Before they are born, the sand tiger shark pups compete with their siblings. In fact, the strongest pup in each of the two wombs devourers its weaker brothers and sisters.


Most sharks have excellent vision

Most of their species can see in the darkest places of the sea too. They have excellent night vision as they have mirrored crystals behind their retina called tapetum lucidum. Sharks can see colors too. They have both rods and cones in their eyes like humans. This fish can see with both eyes or with one eye individually at one time. This allows them to focus better on one item if they want to. By moving their heads back and forth while swimming, they can get an almost 360-degree view around themselves.

Do you think sharks have good six senses?

Sharks can smell blood from miles away. They can even smell 1ml of blood in 1L water and can detect sound from 3000 feet away.

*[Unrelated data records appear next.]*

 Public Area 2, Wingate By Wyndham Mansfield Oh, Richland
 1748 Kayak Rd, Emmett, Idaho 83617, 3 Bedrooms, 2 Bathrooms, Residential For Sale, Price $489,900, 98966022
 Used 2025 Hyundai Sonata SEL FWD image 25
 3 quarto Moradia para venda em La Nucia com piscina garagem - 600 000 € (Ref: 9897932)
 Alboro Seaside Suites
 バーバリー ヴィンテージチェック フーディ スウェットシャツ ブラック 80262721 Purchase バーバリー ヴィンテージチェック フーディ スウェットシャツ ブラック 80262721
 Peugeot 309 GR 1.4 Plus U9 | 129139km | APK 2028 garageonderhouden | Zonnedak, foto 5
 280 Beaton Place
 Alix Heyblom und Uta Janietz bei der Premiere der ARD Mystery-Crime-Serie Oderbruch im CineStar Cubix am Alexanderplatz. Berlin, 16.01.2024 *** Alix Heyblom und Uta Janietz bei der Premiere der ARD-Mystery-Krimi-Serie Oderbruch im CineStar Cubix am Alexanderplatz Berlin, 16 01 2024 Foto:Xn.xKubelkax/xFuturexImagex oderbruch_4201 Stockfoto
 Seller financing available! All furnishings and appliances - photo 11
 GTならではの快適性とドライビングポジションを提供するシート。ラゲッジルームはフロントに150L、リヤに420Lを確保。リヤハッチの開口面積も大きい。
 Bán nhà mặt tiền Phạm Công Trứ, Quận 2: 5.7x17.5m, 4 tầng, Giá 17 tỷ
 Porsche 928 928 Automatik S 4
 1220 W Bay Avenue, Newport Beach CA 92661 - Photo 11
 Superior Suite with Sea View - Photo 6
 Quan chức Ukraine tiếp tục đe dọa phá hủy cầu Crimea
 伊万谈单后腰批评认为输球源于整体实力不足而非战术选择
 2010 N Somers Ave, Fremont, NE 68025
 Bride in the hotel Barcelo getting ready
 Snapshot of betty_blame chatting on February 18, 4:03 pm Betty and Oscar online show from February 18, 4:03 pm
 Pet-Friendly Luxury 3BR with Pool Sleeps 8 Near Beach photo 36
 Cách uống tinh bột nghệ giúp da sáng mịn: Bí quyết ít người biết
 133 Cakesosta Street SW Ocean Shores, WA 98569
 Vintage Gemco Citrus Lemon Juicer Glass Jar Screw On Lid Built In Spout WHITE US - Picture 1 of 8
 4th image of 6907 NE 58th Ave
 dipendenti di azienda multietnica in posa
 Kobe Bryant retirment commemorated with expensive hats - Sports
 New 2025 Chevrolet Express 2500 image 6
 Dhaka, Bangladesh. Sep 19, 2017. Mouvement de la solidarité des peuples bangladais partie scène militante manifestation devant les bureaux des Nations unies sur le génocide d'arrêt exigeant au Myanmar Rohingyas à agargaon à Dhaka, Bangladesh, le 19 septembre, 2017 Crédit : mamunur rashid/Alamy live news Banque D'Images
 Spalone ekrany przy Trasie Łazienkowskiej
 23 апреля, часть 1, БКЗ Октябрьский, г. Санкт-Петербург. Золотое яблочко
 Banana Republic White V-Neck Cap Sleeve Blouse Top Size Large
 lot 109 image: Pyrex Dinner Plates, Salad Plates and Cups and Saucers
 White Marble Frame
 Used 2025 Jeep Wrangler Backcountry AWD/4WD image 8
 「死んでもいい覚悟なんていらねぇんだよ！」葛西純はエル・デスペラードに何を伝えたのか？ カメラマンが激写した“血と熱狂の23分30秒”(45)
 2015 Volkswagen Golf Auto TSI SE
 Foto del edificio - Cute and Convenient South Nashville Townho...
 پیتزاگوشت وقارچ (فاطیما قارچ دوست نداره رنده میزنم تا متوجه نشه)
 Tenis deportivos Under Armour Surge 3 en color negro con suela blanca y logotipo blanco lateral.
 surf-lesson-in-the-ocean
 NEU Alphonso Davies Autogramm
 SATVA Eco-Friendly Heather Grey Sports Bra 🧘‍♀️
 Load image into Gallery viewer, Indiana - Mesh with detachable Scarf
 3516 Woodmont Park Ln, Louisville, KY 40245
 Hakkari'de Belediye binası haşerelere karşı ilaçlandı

Their ears are located on the side of their head, behind the eyes that are highly sensitive to low-frequency sounds. These are made of 3 cartilage tubes filled with fluid and lined with hair cells. Sound waves cause these tiny hairs to vibrate, and the brain then interprets the sound.

Sharks have many nerve endings under their skin, and also in their teeth. They try to observe the object with their teeth.

Sharks are warm or cold-blooded

They are most likely cold-blooded as other fishes. Their body temperature matches the temperature of the surrounding water. But white sharks can maintain their stomach temperature up to 14°C more than the ambient water temperature. This allows them to venture into colder waters and also to have explosive powder. Its muscles work a lot better when warm than cold, just like humans.

Sharks do have electroreceptor cell

They are one of the most electrically sensitive animals that can respond to a low voltage electric field. This electric field sensor is called the ampullae of Lorenzini. It is found in their nose and senses the electrical signal. As a result, they can sense every electrical signal sent by nearby creatures.

Sharks can be wired and wonderful

The goblin sharks can be bright pink where the blue sharks show an extraordinary blue color. Hammerhead sharks have a hammer-shaped head, which they use to pin the stingrays on the seafloor.


Shark leaves no fossils

Sharks have no bones. As their skeleton is made of cartilage, they don’t need fossilized remains for us. But fossilized shark’s teeth have been found.

Sharks maintain the natural balance of the ocean

Not enough sharks mean not enough oxygen for us to breathe. What’s the connection? They feed on smaller fish, in the same way, smaller fish feed on phytoplankton( tiny organisms that live in the seabed).

Phytoplankton consumes carbon dioxide and releases oxygen. So, without sharks, there will be too many fish eating the phytoplankton which as result will create a lack of oxygen.

They are under threat

Every year people are killing over an estimated 100 million sharks worldwide, in large part for the shark fin trade. In traditional Chinese culture, serving and eating shark fin is a sign of status and wealth. Because of the high demand and high prices, some shark populations have plummeted.

Some frequently asked questions

Q. Do sharks have ears?

Ans. Yes, they do have ears but inside of their body. Their ears are located on the side of their head, behind the eyes.

Q. Can sharks smell fear?

Ans. No, they can’t. They have strong smell senses but that doesn’t include feelings such as fear.

Q. What attracts sharks the most?

Ans. High contrast colors like yellow, white attract them the most. Bloods also can attract them.

Q. Are sharks attracted to pee?

Ans. There is no such evidence that urine attracts them.

Q. Why are sharks afraid of dolphins?

Ans. When dolphins see aggressive behavior from sharks, they immediately attack it with the whole pod. That is why sharks usually avoid pods with many dolphins.